“Rússia Branca” transformada num campo de batalha…

A juventude bielorrussa certamente terá um papel muito activo na contestação ao regime.
Rui Marote
A 2 de Setembro de 2020 fará três anos que visitei Minsk, capital da Bielorrússia, dando conta do percurso nas minhas “Crónicas de Viagem”. Nessa data escrevi que pouco ou nada a Bielorrúsia dizia aos leitores madeirenses. Hoje é montra das “caixinhas mágicas” que todos temos em casa, que dão pelo nome de TVs  e imagens daquele país invadem as nossas casas na abertura de telejornais pelos piores motivos, dando-nos a conhecer a revolta de um povo que diz “Acabou!!! Chega de comunismo totalitário “branqueado”.

Na minha crónica de viagem que intitulei “Bielorrússia ou “Rússia Branca”, explicava que, traduzido à letra, o nome do país quer dizer “Rússia Branca” e, apesar politicamente a Bielorrússia  já não estar dependente da vizinha Rússia, a verdade é que economicamente, ainda o é.

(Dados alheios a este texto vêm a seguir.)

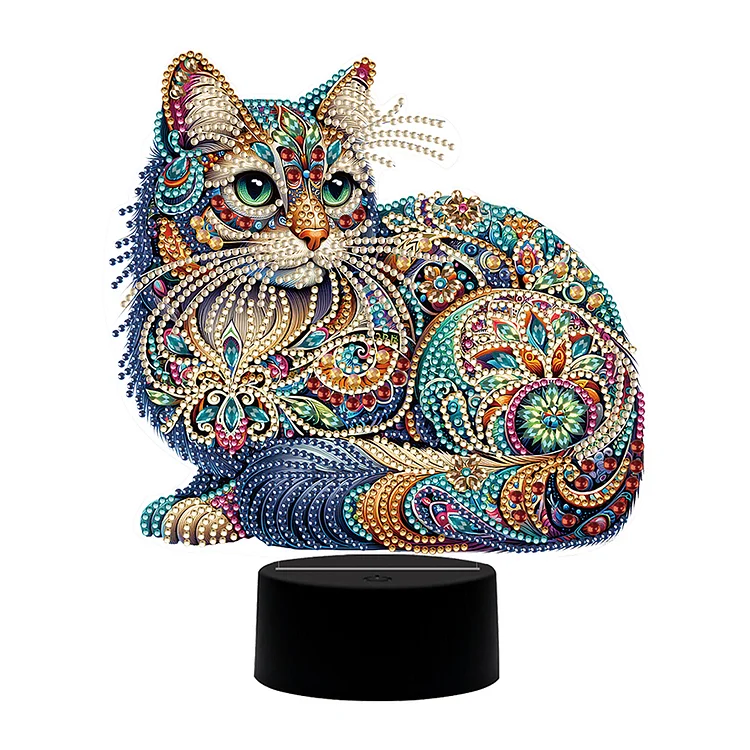 【Lamp】Animal Diamond Painting Night Light 5D DIY Diamond Painting Lamp (Cat) gbfke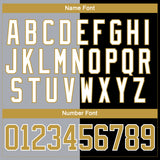 Custom Black Old Gold Gray-White Split Fashion Hockey Lace Neck Jersey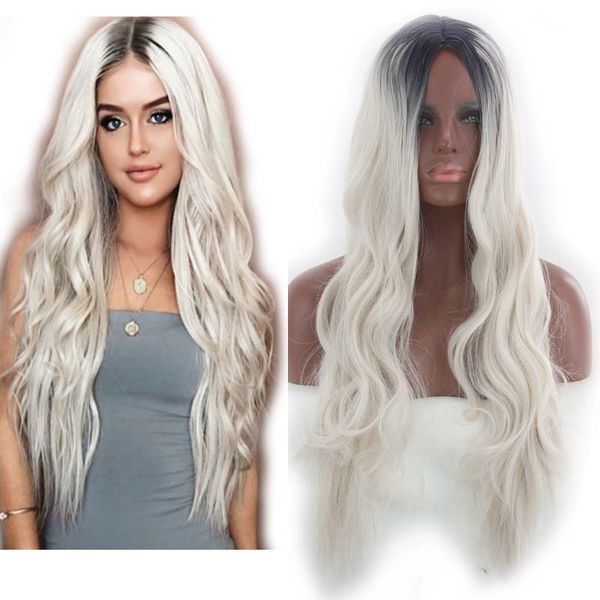 selling 26 inch ombre color elegant medium haircut white and black long wavy synthetic wigs heat resistant
selling 26 inch ombre color elegant medium haircut white and black long wavy synthetic wigs heat resistant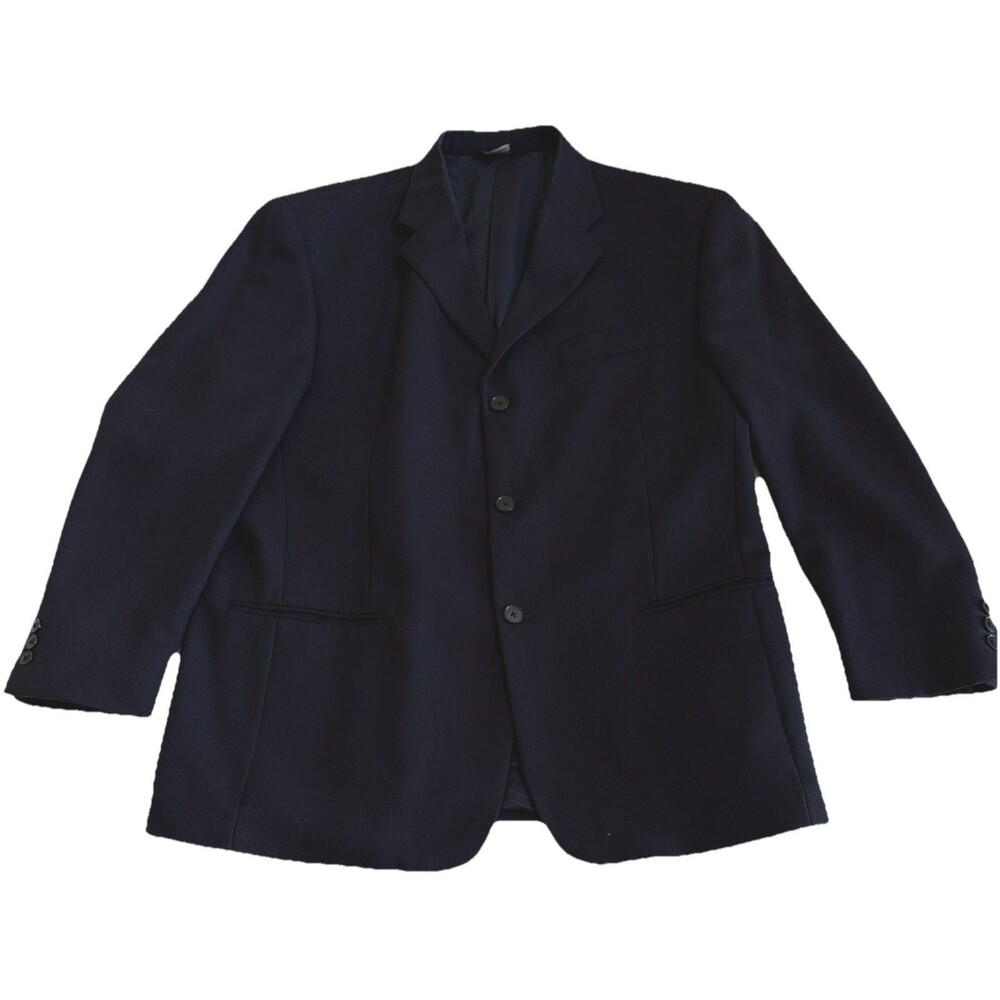 Mens Claiborne Navy 100% Wool Suit Jacket Stretch Tone On Tone Blazer Size 42S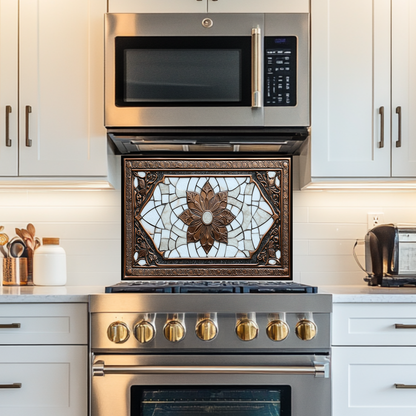 Copper Ottoman Tile Pattern Printed Tempered Glass Kitchen Splashback Backsplash Decorative Wall Panel for Stove Behind and Interior Decor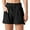 Black, variant on VDJ Women Casual Summer Shorts Elastic Waisted Drawstring Comfy Pull On Lightweight Black Shorts with Pockets Size L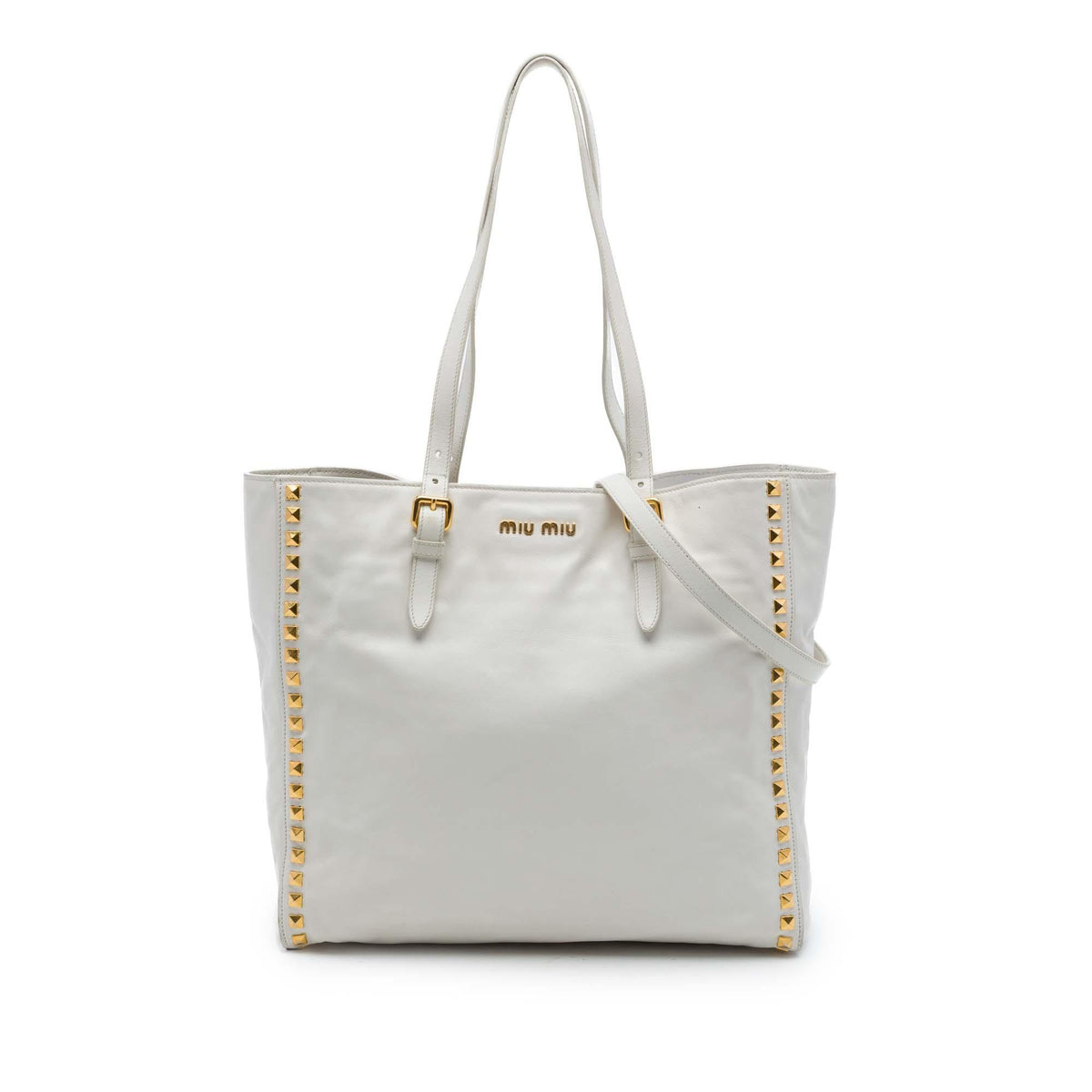 Miu Miu Studded Soft Calf Tote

Três dias foram suficientes para conhecer Minsk, uma cidade limpa e arrumada – hoje transformada no cenário de uma batalha campal – caracterizada pela limpeza. Quase não se vê um papel ou uma beata de cigarro na rua. Os dias que permaneci foram suficientes para ver e visitar lugares inerentes à história comunista. Na altura relatava que, para visitantes interessados na estatuária soviética e na história da Segunda Guerra Mundial, este país tem muito para oferecer.
As avenidas de Minsk
Em 1959 foi casa de Lee Harvey Oswald (alegado assassino do presidente dos EUA John F. Kennedy. Oswald chegou à União Soviética em Dezembro de 1959. Foi enviado para Minsk ,mudou o seu nome para Alek, casou-se com uma bielorrusa, Marina Prusakova, com a qual teve uma filha. A família foi para os Estados Unidos a 1 de Junho de 1962. Mata a tiro o presidente em Novembro do ano seguinte, embora subsistam dúvidas sobre se agiu sozinho ou foi apenas ele o autor de um assassinato montado por forças obscuras.
O mercado central de Minsk
O quartel general da KGB estava localizado numa das ruas comerciais de Minsk. Aparenta-se apropriado que num país como a Bielorrússia a KGB ficasse localizada num prédio icónico no centro da cidade.
A fraude dos resultados eleitorais foi a “ponta do icebergue”que fez despertar um povo sofrido, que é governado com mão de ferro desde 1994, perante a recusa de repetir eleições presidenciais apesar das enormes suspeitas de fraude. Aleksandr Lukashenko não está disposto a deixar o poder . “Se destruírem Lukashenko, será o começo do fim” afirmou ele neste domingo em Minsk diante de milhares de seguidores .
Estatuária soviética: terá os dias contados?
Mas a realidade é teimosa, e nas ruas da capital e de outras cidades uma grande quantidade de pessoas exige a sua renúncia, nas maiores mobilizações já ocorridas na história da Bielorrússia. Enfraquecido, o líder bielorrusso recorreu ao presidente russo, Vladimir Putin, para apoio. Neste domingo, o Kremlin confirmou que está disposto a apoiá-lo, mesmo tendo-se transformado num aliado problemático, aumentando a tensão e os temores de uma possível intervenção militar.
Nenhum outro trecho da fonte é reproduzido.